During the hearing, Solicitor General Ranjit Kumar, appearing for Centre, informed the court that the government has considered recommendations of the committee and the court may now pass directions based on them to states as the issue fell in the state list of the Constitution. The panel, in its recommendations, said, "The committee
recommends that Chief Secretary of respective states to regularly monitor the performance of various departments of the state governments, including RTO, state police and animal husbandry department and ensure prevention of cattle smuggling /illegal transportation of cattle by way of periodic reports.
"At the central level, monitoring could be done by Ministry of Environment and Forest and Climate Change (MoEF&CC)/Department of Animal Husbandry, Dairying and Fisheries (DADF)."
"Ministry of Agriculture, Government of India, has devised a method of tamper-proof identification of cattle using polyurethane tags with a unique identification number sequence. This may be made mandatory for all cows and their progeny throughout India for all cattle that is owned. Already mass tagging of cattle for insurance purpose is being done by livestock development boards and animals husbandry department of state governments," it suggested.
It said the Foreign Trade (Development and Regulation) Act read with Export-Import Policy (Exim policy) of India mandates that cattle can only be exported from the country with a valid licence from the regional licensing authority. "In order to check the smuggling of livestock across India's borders, there may be strict enforcement of the EXIM policy by the relevant customs authorities, transport department, police and border guarding forces as per the law," it recommended.

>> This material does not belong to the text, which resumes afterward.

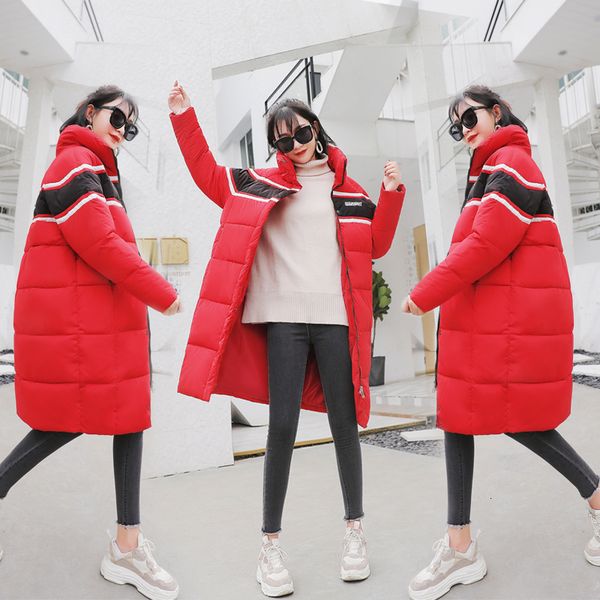

back season down cotton winter loose coat schoolgirl thickening long fund cotton-padded jacket woman cotton-padded clothes woman, Tan;black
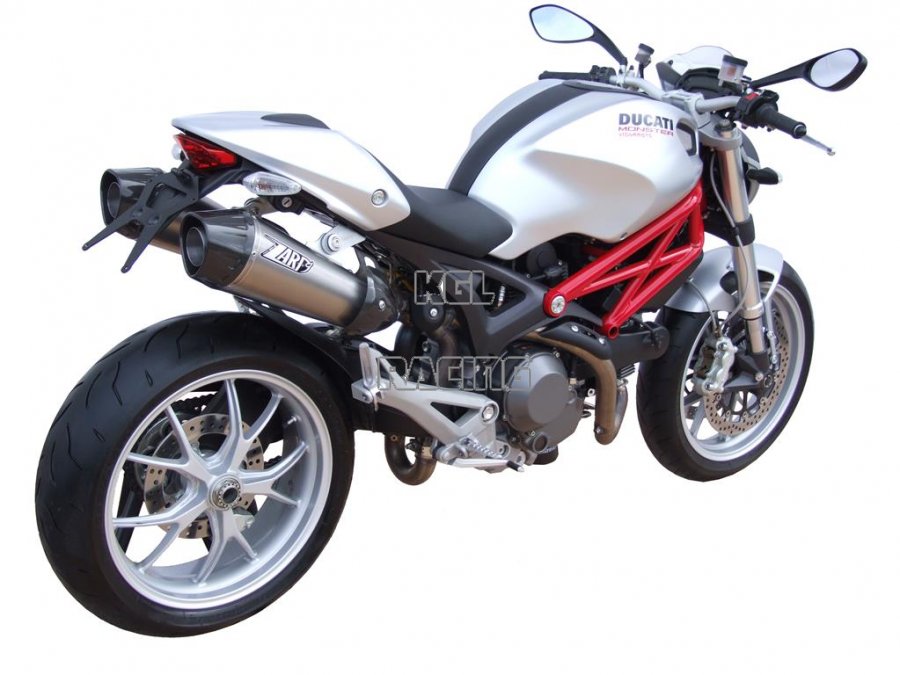 ZARD voor Ducati Monster 696/ 796/ 1100 -Bj.09-> gekeurde Slip-On demper 2-2 konisch round Titan + Carbon endcap - Klik op de afbeelding om het venster te sluiten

The panel said even where animals are travelling with a licence across the border, care may be taken to check the manner in which they are being transported to prevent cruelty to them. It advocated seeking of cooperation from public to give information on the movement of animals for the purpose of smuggling through helpline numbers of BSF and state police.

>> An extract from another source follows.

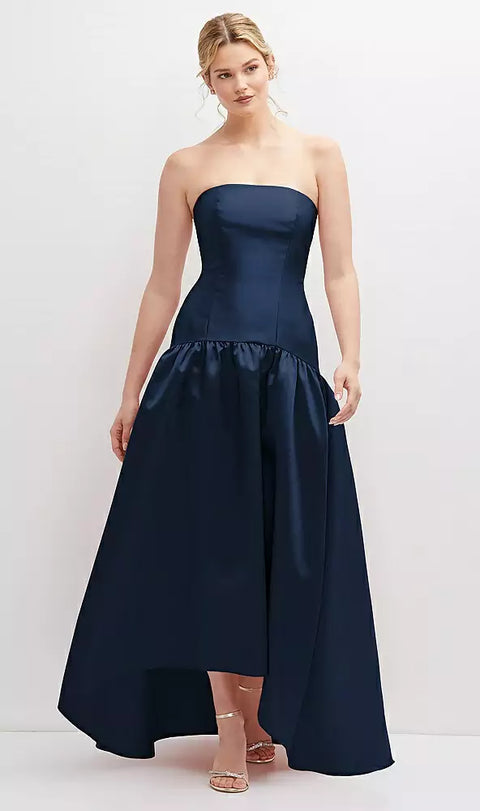 Alfred Sung D851 Strapless Fitted Satin High Low Dress With Shirred Ballgown Skirt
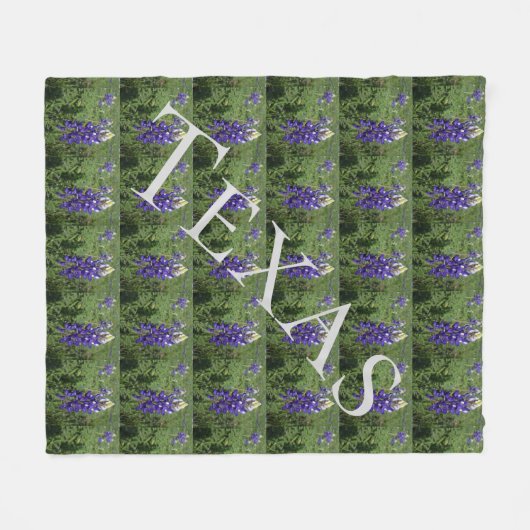 Texas Bluebonnets "Quilt" Fleece Deken (Voorkant (Horizontaal))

Regarding compliance of the July last year's order of Himachal Pradesh banning cow slaughter in the country and imposing prohibitions on import and export of cow and sale of beef, the report said that an effective curb on illegal interstate transportation of cattle was "difficult" because of the varied legal provisions from state to state. "The compliance of the order would entail making a uniform act for cow preservation and protection in India. This will certainly help in reducing grey areas and ensuring implementation to a better extent," it said.